Preoccupazioni per le tensioni e che i pellegrini decidano di cancellare i loro viaggi: "Speriamo, anzi chiediamo a tutti di venire, non di annullare i loro viaggi". Due giorni fa, l’incontro fra i leader delle Chiese e il presidente Abbas. Gerusalemme per i palestinesi cristiani deve essere “una città del mondo, una città universale, una città della pace”.

Gerusalemme (AsiaNews) – Un Natale con “l’amaro in bocca”. Descrive così Sobhy Makhoul, diacono del Patriarcato maronita di Gerusalemme, l’attesa delle festività natalizie della comunità cristiana palestinese, preoccupata dalle tensioni e dalla possibilità che molti pellegrini rinuncino al loro viaggio per paura delle tensioni. La “malaugurata” decisione del presidente americano Donald Trump “ha messo in subbuglio tutto il Paese”, e si è rivelata non solo “fuori luogo” ma anche “fuori tempo”.   

“In molti ambienti i festeggiamenti sono stati abbandonati, ci sono azioni di protesta. Anche  oggi sarà una giornata molto dura: è indetto uno sciopero generale. Per colpa di una simile decisione, annunciata prima di Natale, molti festeggiano con l’amaro in bocca”, racconta Makhoul.

“Da noi, 10 giorni o due settimane prima di Natale vengono accesi in piazza gli alberi di Natale. Alcuni hanno deciso di cancellare le cerimonie, altri no. Le parrocchie si preparano al Natale come sempre, seguendo i riti orientali, ma i festeggiamenti, come i mercati di Natale, sono sottotono a causa delle tensioni”.

Il 6 dicembre dopo l'annuncio di Trump, le luci dell'albero di Betlemme - accese pochi giorni prima - sono state spente (vedi foto n.1).

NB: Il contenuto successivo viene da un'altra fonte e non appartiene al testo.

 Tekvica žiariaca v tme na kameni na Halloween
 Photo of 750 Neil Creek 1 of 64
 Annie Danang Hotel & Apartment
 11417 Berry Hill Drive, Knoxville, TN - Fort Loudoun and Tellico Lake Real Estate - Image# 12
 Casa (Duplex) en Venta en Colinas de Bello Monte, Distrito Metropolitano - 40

Due giorni fa, il presidente dell’Autorità palestinese Mahmoud Abbas ha incontrato i leader cristiani per gli auguri di Natale (vedi foto n.2). Nell’occasione, egli  ha ribadito che i palestinesi continueranno a lottare con mezzi di pace. “L’Amministratore apostolico [mons. Pierbattista Pizzaballa] ha detto che non dobbiamo cancellare le nostre feste, al contrario, dobbiamo festeggiare per dimostrare che siamo presenti, per dimostrare e manifestare la nostra appartenenza a questa terra, a questo Paese”.

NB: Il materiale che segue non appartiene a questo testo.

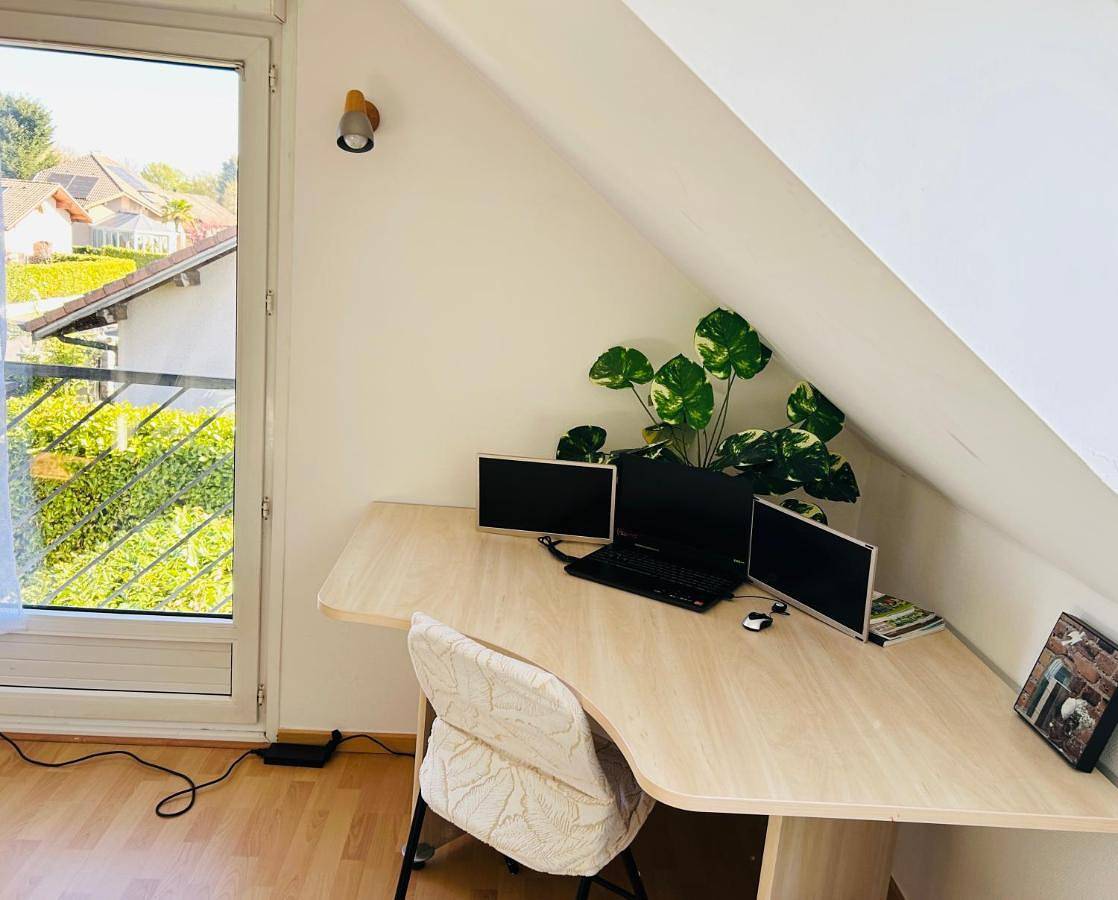Appartement entier, Villa with Garden View in Chens-sur-Léman, Région de Thonon-les-Bains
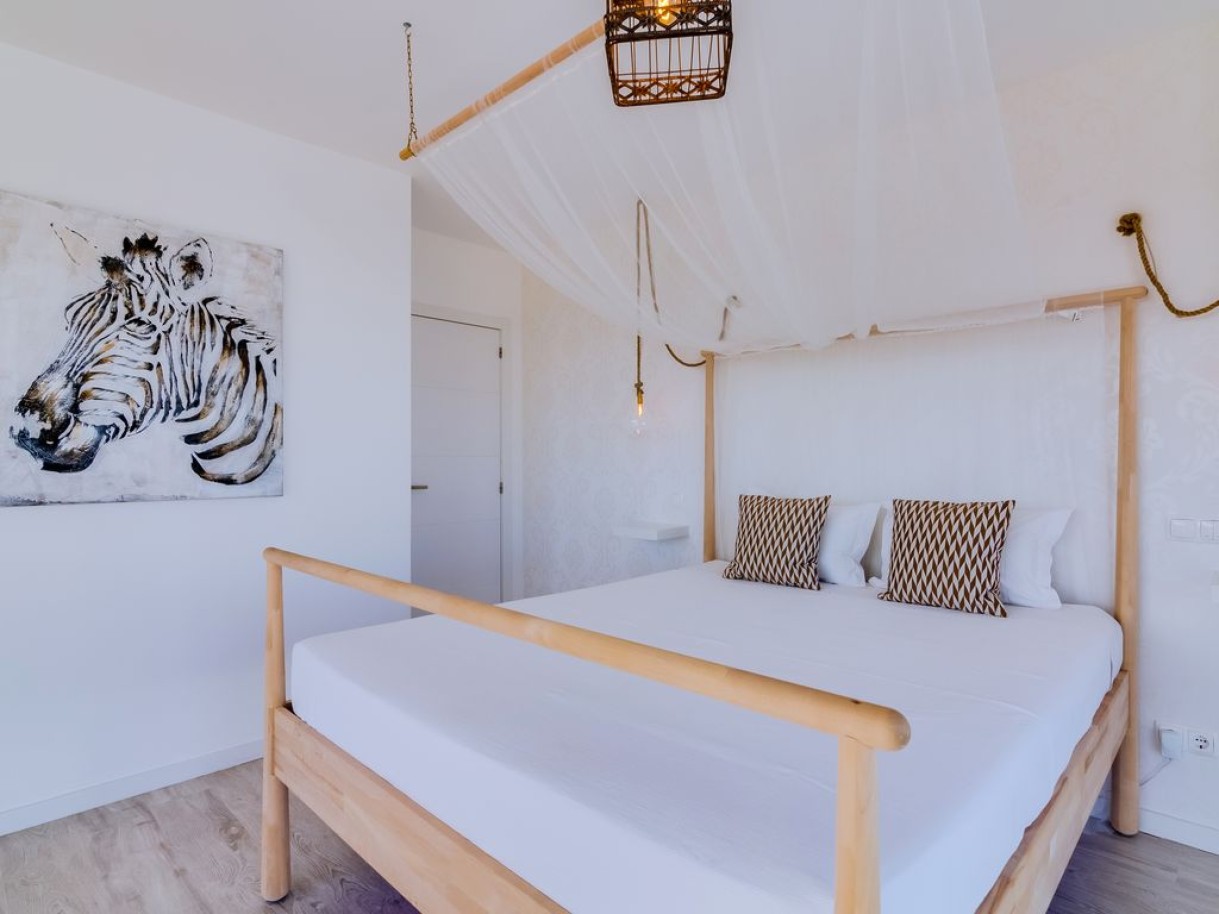 Villa de 3 dormitorios con piscina en venta en Tavira, Algarve_232680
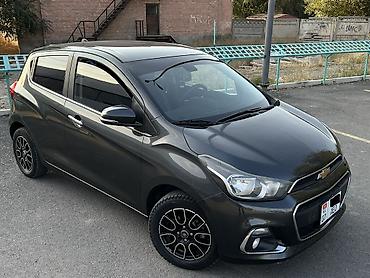газель собль: Chevrolet Spark: 2017 г., 1 л, Вариатор, Бензин, Хэтчбэк — 2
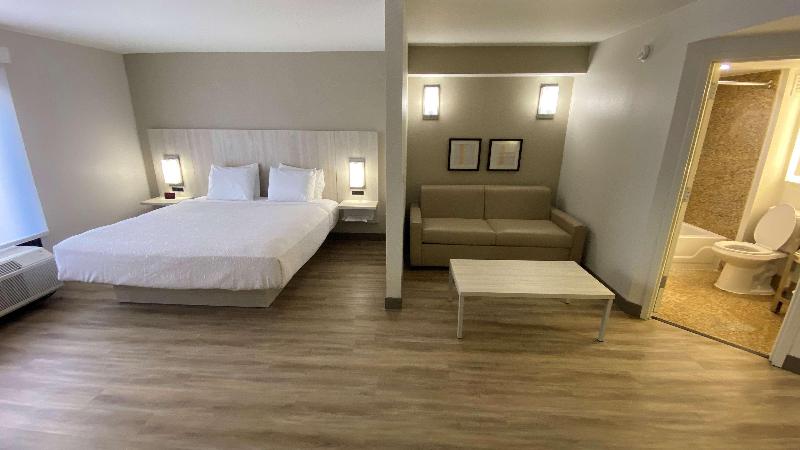 Отель Best Western Plus Sugar Land Stafford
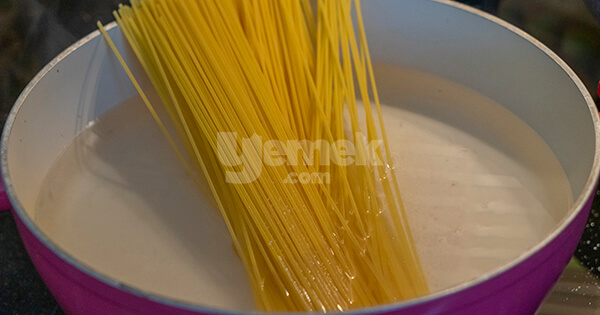 bolonez-soslu-makarna-asama-6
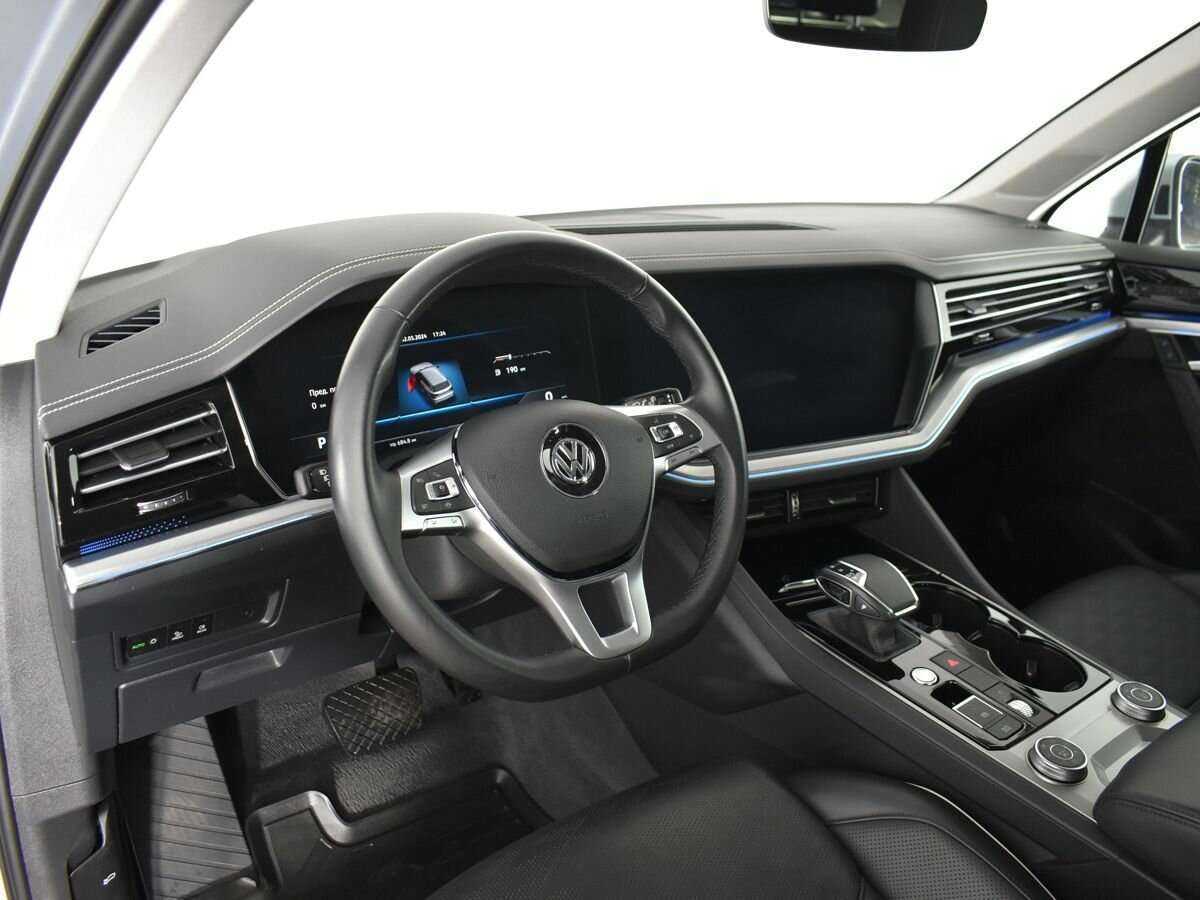 Volkswagen Touareg, 2019 Фото №8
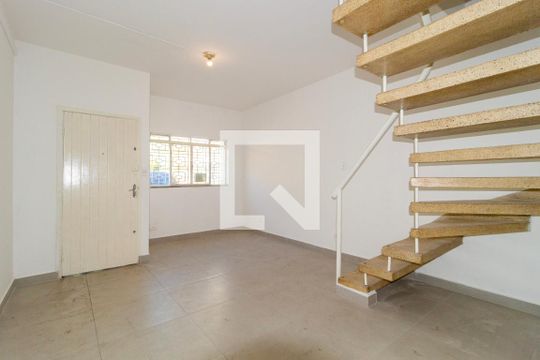 Sala de casa de condomínio à venda com 2 quartos, 80m² em Alto do Pari, São Paulo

“La gente è un po’ preoccupata per come evolverà la situazione”, continua Makhoul. “Aspettiamo migliaia e migliaia di pellegrini tra Natale e l’Epifania, quando c’è sempre un gran movimento di pellegrinaggi. Speriamo  che non si facciano influenzare dalle notizie che danno le agenzie di informazione nel mondo.  Speriamo, anzi, chiediamo a tutti di venire, non di annullare i loro viaggi, manifestando così la loro solidarietà a tutti gli arabi qui e specialmente alla Chiesa locale e a Gerusalemme”.

I palestinesi cristiani seguono la linea della Chiesa e chiedono una “Gerusalemme aperta a tutti quanti”, internazionale, tolta dalle “delle mani di qualsiasi appartenenza politica che potrebbe essere contro una parte dell’una o dell’altra. Né Israele, né Palestina, né arabi, né musulmani, né cristiani, che sia veramente una città del mondo, una città universale, una città della pace”.